What if we shift the question to our states from “What responsibility does a government have in achieving decarbonization of the global economy?” to “If a government wants to achieve the outcome of decarbonization by the middle of this century, what can it do to achieve that?”
Ilmi Granoff @theilmatic
Director of ClimateWorks Foundation’s Sustainable Finance Program,
A foundation that has created an international network and a global platform for philanthropy to innovate and accelerate climate solutions, climateworks.org
What could be reimagined now?
The role of our states in pursuing a real climate transition. Right now they are powerful entities. States have capital, they have the ability to raise revenue, issue standards and regulations and represent our collective interest. So what could be the role of a fully committed and ambitious state which truly embraces the goals of the Paris agreement?
How could we experiment with a higher involvement of our states in fighting climate change?
First of all, of course, find a state. After that, ask the question “Given all of the tools that you have at your disposal, what impact can you have to achieve the mid-century outcome of global decarbonization?”. So basically it means to push a state to focus on where to put its tools to reach the goals instead of measuring emissions, for example. That kind of reorientation of the methodology can potentially reveal many underemphasized opportunities.

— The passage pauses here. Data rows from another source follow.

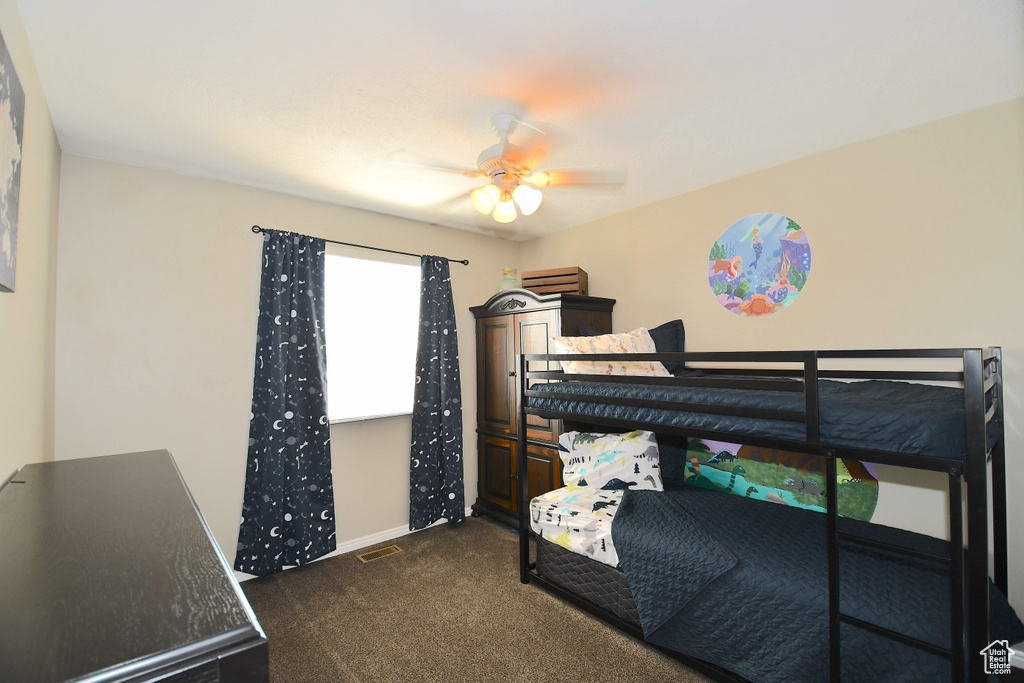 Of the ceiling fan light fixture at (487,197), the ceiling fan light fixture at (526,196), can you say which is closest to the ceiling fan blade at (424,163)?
the ceiling fan light fixture at (487,197)

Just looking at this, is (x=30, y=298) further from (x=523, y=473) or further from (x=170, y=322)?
(x=523, y=473)

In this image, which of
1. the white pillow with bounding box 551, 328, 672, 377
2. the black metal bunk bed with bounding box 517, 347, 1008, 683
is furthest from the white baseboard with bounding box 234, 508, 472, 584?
the white pillow with bounding box 551, 328, 672, 377

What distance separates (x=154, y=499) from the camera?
105 cm

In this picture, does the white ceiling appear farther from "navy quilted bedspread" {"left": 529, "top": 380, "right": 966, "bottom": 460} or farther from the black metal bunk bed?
"navy quilted bedspread" {"left": 529, "top": 380, "right": 966, "bottom": 460}

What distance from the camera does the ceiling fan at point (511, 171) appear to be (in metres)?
2.11

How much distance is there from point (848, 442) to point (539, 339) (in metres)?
2.08

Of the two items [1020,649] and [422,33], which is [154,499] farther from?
[1020,649]

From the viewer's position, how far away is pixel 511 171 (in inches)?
87.1

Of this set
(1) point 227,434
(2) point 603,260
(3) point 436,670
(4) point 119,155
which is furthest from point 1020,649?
(4) point 119,155

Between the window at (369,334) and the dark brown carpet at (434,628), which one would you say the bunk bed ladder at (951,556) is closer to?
the dark brown carpet at (434,628)

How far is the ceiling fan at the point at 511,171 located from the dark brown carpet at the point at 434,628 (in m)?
2.01

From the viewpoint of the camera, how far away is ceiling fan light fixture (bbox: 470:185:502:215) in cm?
220

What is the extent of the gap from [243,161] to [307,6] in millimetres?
1382

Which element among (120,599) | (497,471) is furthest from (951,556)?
(497,471) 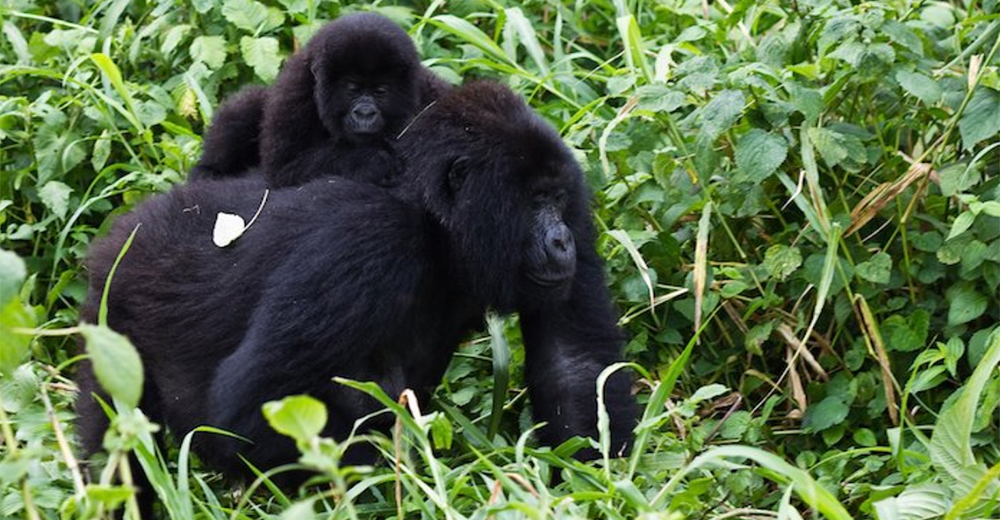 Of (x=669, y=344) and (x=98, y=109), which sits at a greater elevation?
(x=98, y=109)

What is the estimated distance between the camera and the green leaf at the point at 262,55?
4766mm

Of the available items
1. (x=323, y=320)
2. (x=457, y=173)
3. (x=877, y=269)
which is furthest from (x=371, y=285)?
(x=877, y=269)

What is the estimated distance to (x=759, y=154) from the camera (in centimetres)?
405

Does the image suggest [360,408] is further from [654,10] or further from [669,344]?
[654,10]

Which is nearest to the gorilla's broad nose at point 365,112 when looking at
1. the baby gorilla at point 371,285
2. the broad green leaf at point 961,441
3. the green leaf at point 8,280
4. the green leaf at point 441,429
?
the baby gorilla at point 371,285

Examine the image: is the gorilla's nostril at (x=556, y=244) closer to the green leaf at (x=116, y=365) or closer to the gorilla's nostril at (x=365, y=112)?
the gorilla's nostril at (x=365, y=112)

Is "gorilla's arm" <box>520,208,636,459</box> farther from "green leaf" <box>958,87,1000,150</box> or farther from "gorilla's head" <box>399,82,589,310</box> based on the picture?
"green leaf" <box>958,87,1000,150</box>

What kind of changes this reorientation in climate policies could lead to our societies in ten years’ time?
By analyzing 19th century global economies we realized that states have comparative advantages in their economic productivity and performance. Therefore it is imaginable that they can compete with other states on decarbonization advantages and, apart from reducing emission in their own jurisdiction, they’ll probably unveil great opportunities and actually achieve an incredibly important target.